● **TASK**
Up to and including the line with "CAMI NYC Tops", please reproduce the lines below exactly, beginning with the first.

● **Caption-style text data**
☆ ☆ ☆ ☆ ☆

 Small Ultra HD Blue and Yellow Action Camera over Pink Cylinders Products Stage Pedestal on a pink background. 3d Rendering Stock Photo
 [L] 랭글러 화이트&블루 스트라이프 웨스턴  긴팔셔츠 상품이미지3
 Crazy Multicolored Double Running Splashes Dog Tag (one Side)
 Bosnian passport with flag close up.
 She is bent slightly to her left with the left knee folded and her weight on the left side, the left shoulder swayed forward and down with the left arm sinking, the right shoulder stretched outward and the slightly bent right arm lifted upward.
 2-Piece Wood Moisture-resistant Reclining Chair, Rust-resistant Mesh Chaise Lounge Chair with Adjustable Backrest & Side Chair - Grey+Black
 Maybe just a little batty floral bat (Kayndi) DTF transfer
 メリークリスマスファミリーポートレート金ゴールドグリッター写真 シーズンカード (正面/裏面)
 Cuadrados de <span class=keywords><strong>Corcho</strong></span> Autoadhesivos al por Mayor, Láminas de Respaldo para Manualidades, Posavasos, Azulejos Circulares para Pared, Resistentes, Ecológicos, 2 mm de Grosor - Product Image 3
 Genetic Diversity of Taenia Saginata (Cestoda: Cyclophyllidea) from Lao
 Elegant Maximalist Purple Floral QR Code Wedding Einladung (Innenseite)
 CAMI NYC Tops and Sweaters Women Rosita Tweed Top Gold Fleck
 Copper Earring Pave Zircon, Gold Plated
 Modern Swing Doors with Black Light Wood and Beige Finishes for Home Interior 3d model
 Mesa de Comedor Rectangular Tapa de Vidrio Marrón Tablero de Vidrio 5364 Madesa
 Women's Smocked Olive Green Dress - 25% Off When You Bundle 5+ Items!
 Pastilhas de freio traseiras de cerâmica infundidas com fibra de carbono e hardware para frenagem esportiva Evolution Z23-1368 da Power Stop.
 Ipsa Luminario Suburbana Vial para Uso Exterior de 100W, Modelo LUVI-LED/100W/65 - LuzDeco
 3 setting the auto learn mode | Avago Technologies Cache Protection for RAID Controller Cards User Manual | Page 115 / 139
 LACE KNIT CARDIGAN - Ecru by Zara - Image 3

☆ ☆ ☆ ☆ ☆

● **OUTPUT OF THE EXERCISE**
 Small Ultra HD Blue and Yellow Action Camera over Pink Cylinders Products Stage Pedestal on a pink background. 3d Rendering Stock Photo
 [L] 랭글러 화이트&블루 스트라이프 웨스턴  긴팔셔츠 상품이미지3
 Crazy Multicolored Double Running Splashes Dog Tag (one Side)
 Bosnian passport with flag close up.
 She is bent slightly to her left with the left knee folded and her weight on the left side, the left shoulder swayed forward and down with the left arm sinking, the right shoulder stretched outward and the slightly bent right arm lifted upward.
 2-Piece Wood Moisture-resistant Reclining Chair, Rust-resistant Mesh Chaise Lounge Chair with Adjustable Backrest & Side Chair - Grey+Black
 Maybe just a little batty floral bat (Kayndi) DTF transfer
 メリークリスマスファミリーポートレート金ゴールドグリッター写真 シーズンカード (正面/裏面)
 Cuadrados de <span class=keywords><strong>Corcho</strong></span> Autoadhesivos al por Mayor, Láminas de Respaldo para Manualidades, Posavasos, Azulejos Circulares para Pared, Resistentes, Ecológicos, 2 mm de Grosor - Product Image 3
 Genetic Diversity of Taenia Saginata (Cestoda: Cyclophyllidea) from Lao
 Elegant Maximalist Purple Floral QR Code Wedding Einladung (Innenseite)
 CAMI NYC Tops and Sweaters Women Rosita Tweed Top Gold Fleck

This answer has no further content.